Concernant les stocks de masques, ils ont été entièrement renouvelés, nous disposons de plus de 40 millions de masques anti-projection, ce qui représente 20 semaines d'autonomie, nous disposons de 4 millions de masques grand public et de plus de 7 millions de masque FFP2, soit 6 mois d'autonomie pour le service de santé des Armées. Nous sommes donc désormais bien équipés. Évidemment il n'y a pas que les masques, et c'est l'ensemble de la problématique NRBC que nous devons, sans doute, mieux traiter encore que ce que nous avions envisagé initialement. Mais si vous vous référez à l'ambition 2030, cette question apparaît comme ayant été tout à fait identifiée.

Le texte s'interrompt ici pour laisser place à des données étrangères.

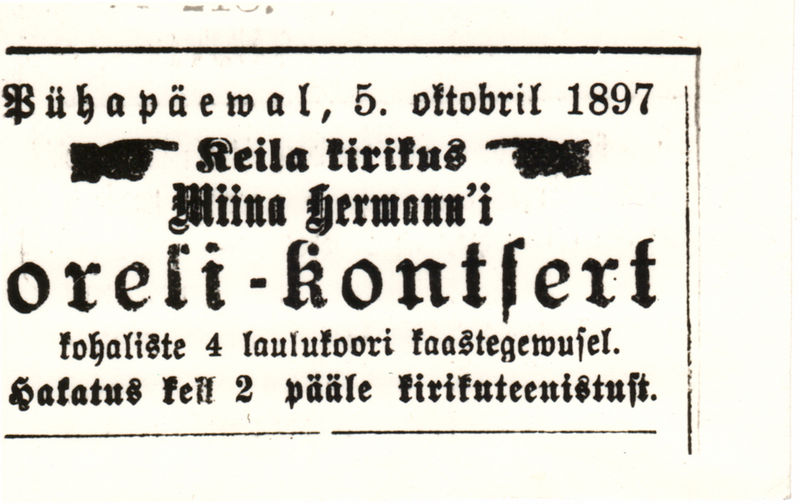 Kuulutus ajalehest Postimees 29.09.1897 / number 218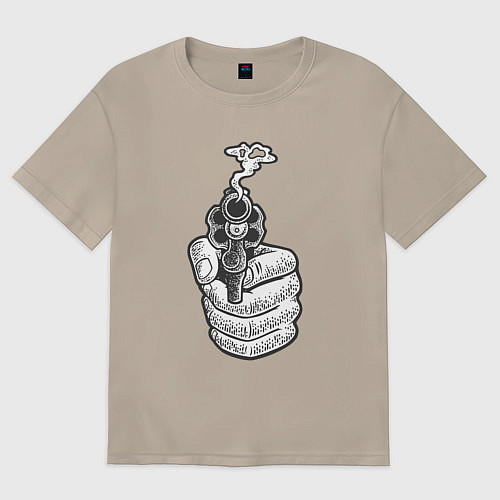 Женская футболка оверсайз Дымящийся пистолет / Миндальный – фото 1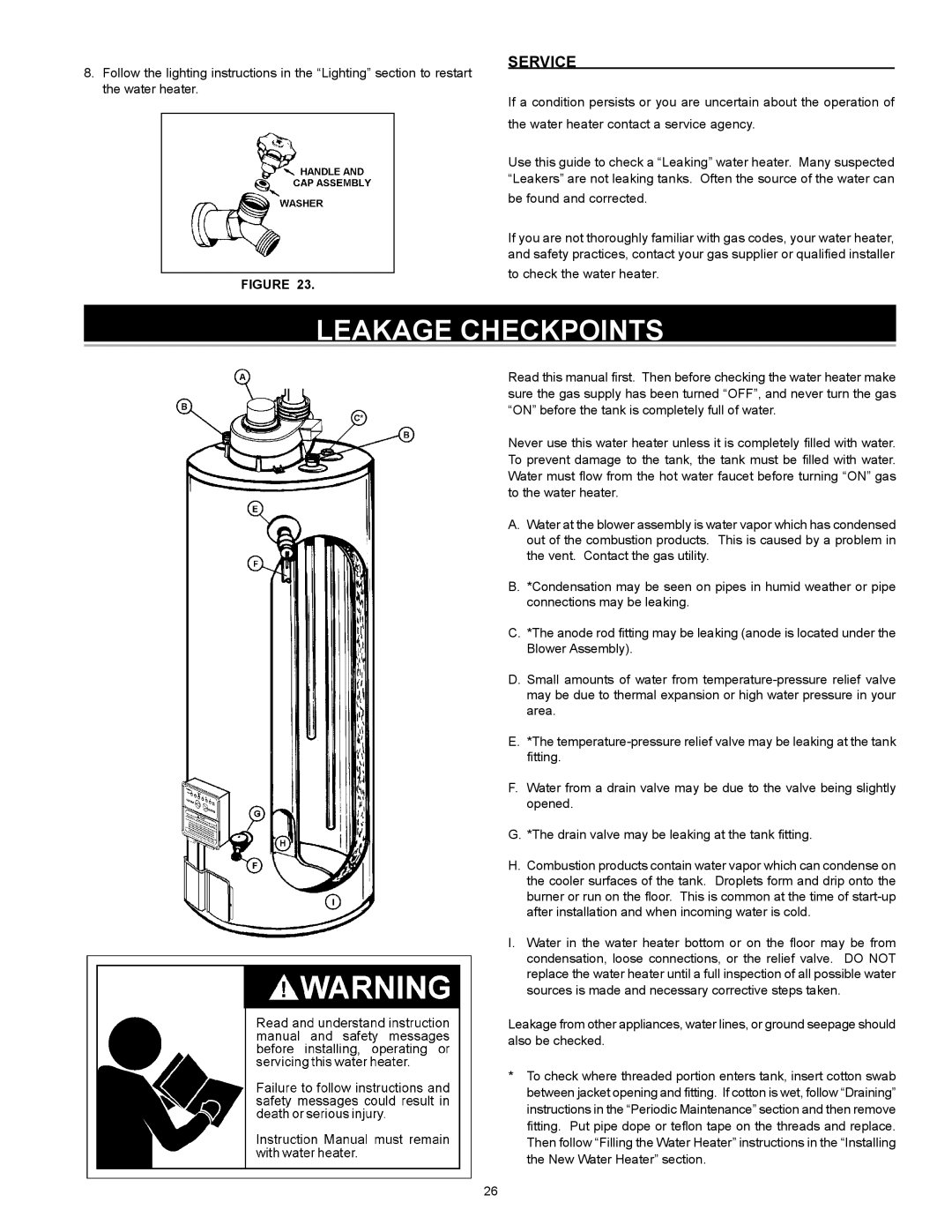 A.O. Smith 315465-000, GPVX-50, GPVH-50, GPVR-50, GPVR-40 Series 102, 185237-004 instruction manual Leakage Checkpoints, Service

Concernant la question portant sur le plan de charge de Naval Groupe à Lorient, c'est un sujet sur lequel nous travaillons d'arrache-pied - nous avons parfaitement en tête la crainte exprimée par Naval Group d'une baisse de ce plan de charge - afin d'éviter une perte de compétence, de savoir-faire, qui serait extrêmement dommageable pour l'industrie navale française.

Concernant l'interrogation sur la prise de conscience européenne des enjeux du Sahel, je pense que personne n'aurait imaginé, il y a 10 ans, que des pays européens tels que l'Allemagne ou l'Estonie auraient pu s'y intéresser. Aujourd'hui, des pays de plus en plus nombreux prennent conscience de ce qu'il faut, non pas aider la France, mais s'aider soi-même, et qu'en s'engageant au Sahel, on contribue à la sécurité de l'Europe. C'est un travail de conviction qui commence à porter ses fruits, et que nous voyons s'illustrer de manière très concrète, puisque nous avons près de 3 000 personnels européens engagés au Sahel à des titres divers, au sein de la mission des Nations unies, de la mission européenne EUTM, ou bien en soutien de Barkhane ou de Takuba. C'est un motif de satisfaction de voir que les Européens sont de plus en plus présents, avec par ailleurs des moyens extrêmement importants - je pense aux équipements : les Danois ont engagé des hélicoptères, les Britanniques ont renouvelé leur engagement et vont ajouter un hélicoptère Chinook supplémentaire, les Espagnols sont des soutiens indéfectibles depuis le début de Serval en matière de transport. Et puis nous avons de plus en plus de pays qui demandent dans un premier temps à avoir des officiers de liaison au sein de Takuba, avant d'envisager la participation en hommes et en matériels que nous espérons.

Pour ce qui concerne Louvois, j'en profite pour, moi aussi, tirer un coup de chapeau aux équipes du ministère des armées qui se sont mobilisées pour faire de Source Solde un grand succès. Nous avons préféré ne pas en parler tant que nous n'en avions pas terminé, car nous ne voulions pas crier victoire avant que celle-ci ne soit acquise.